Word for word, please copy the listing below, with its pictures left out.

(Available data)

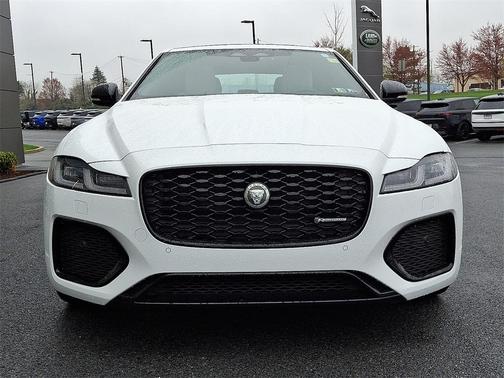 2024 Jaguar XF R-Dynamic SE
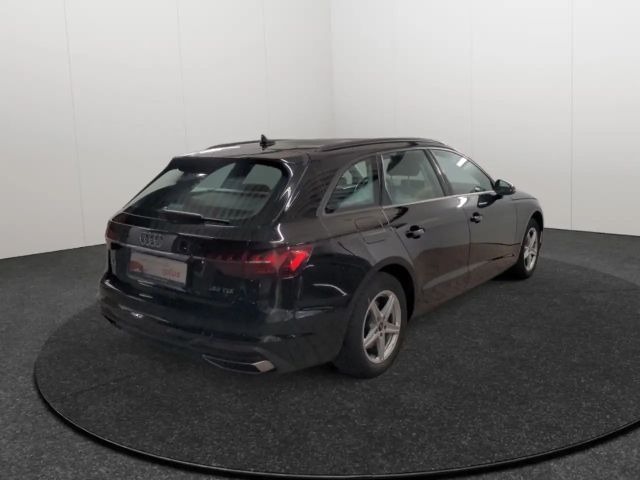 Audi A4 35 TDI Avant S-Tronic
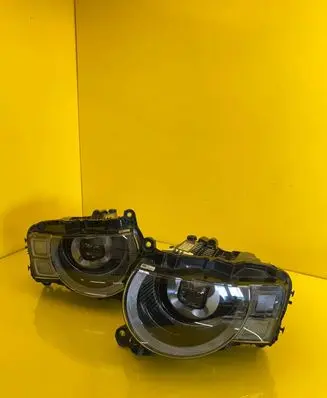 Land Rover Defender Headlight/headlamp L8B2-13W029 L8B2-13W030-HG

(End Available data)

▶ Exercise output
 2024 Jaguar XF R-Dynamic SE
 Audi A4 35 TDI Avant S-Tronic
 Land Rover Defender Headlight/headlamp L8B2-13W029 L8B2-13W030-HG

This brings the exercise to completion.